Posted 19 March 2013 - 13:59

Connecting 3 or more routers and acesspoints... in such a way the adsl modem is setup as a bridge and the 2 second router is setup as master .ie it has pppoe and other things....the 3 accespoint is connected to the master with same ssid on all acesspoints.. but i want is those computers that are connected on this 3 acesspoint via wifi.. should not be able to access internet but they should be on my network.. what should i do to achieve this .. i cant set up routing on lan interface in master router..

#2 +BudMan


    Neowinian Senior

  • Tech Issues Solved: 129
  • Joined: 04-July 02
  • Location: Schaumburg, IL
  • OS: Win7, Vista, 2k3, 2k8, XP, Linux, FreeBSD, OSX, etc. etc.

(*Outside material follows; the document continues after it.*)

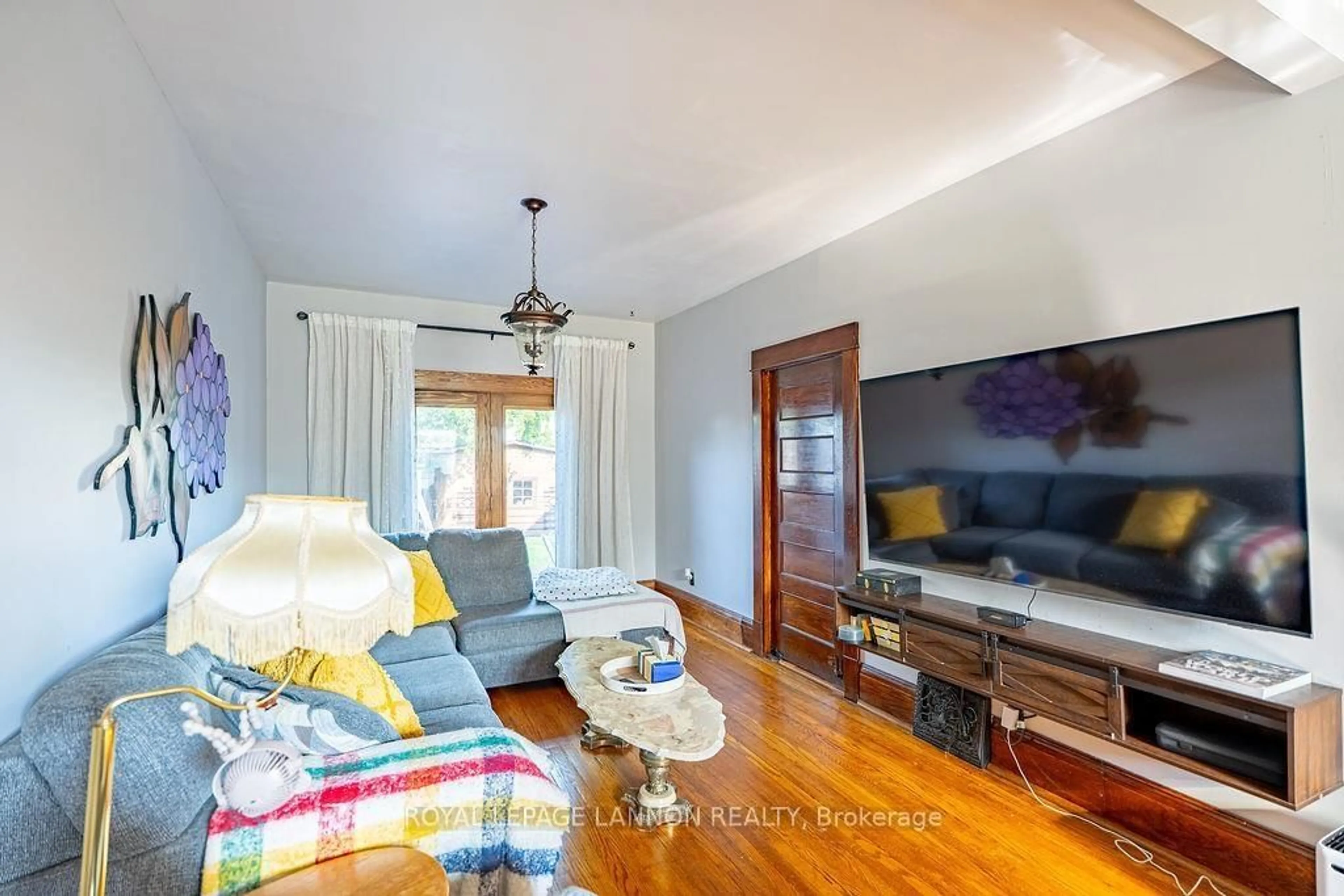 Living room with furniture, wood/laminate floor for 637 Catherine St., Thunder Bay Ontario P7E 1L4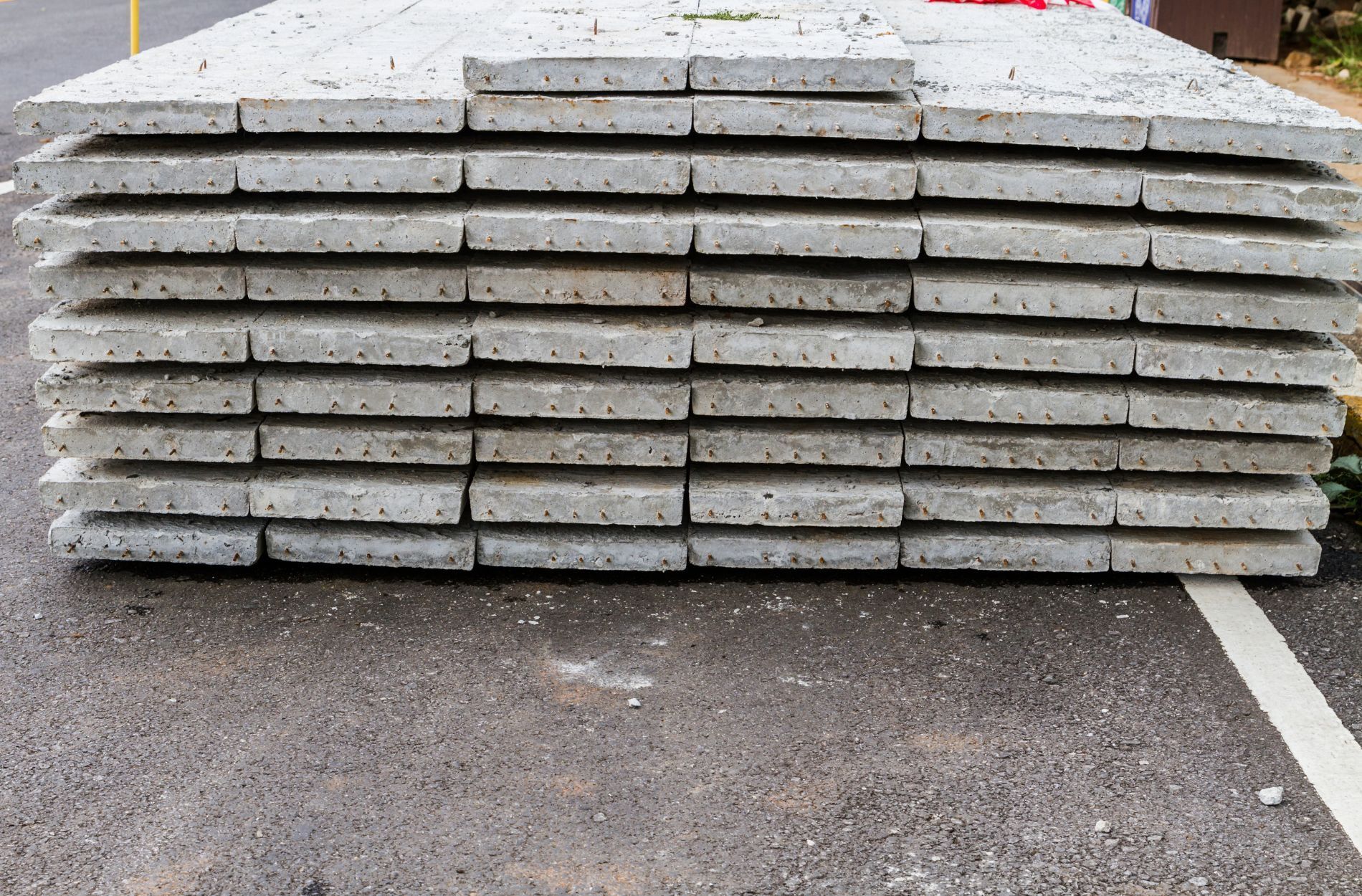 Stack of concrete slabs on outdoor surface prepared for installation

Posted 19 March 2013 - 14:49


Thats a bit tricky, I would assume all the devices get dhcp from same server, and this points to your gateway? And all on the same segment for example

Best option would be to breakout the wireless to their own vlan, you could then only allow this vlan access to your local network and not internet.

What are you working with for your gateway device, can you vlan traffic? Can you create rules between vlans and internet?

#3 sc302


    Neowinian Senior

  • Tech Issues Solved: 56
  • Joined: 12-July 05
  • Location: NJ, USA

Posted 19 March 2013 - 14:51

If the router has some sort of content filtering or ACL you can define the wired connections via static ip to have access and all others to not. You could not broadcast the dns info (if you are not using active directory). You could take out the gateway info out of dhcp if you have that option and manually configure the wired connections. If you have a way to setup a vlan you can have the wireless on one vlan and the wired on the other and have dhcp set properly on the wired and leave out info for the dhcp on the wireless or simply deny access coming from that vlan to the internet via a acl.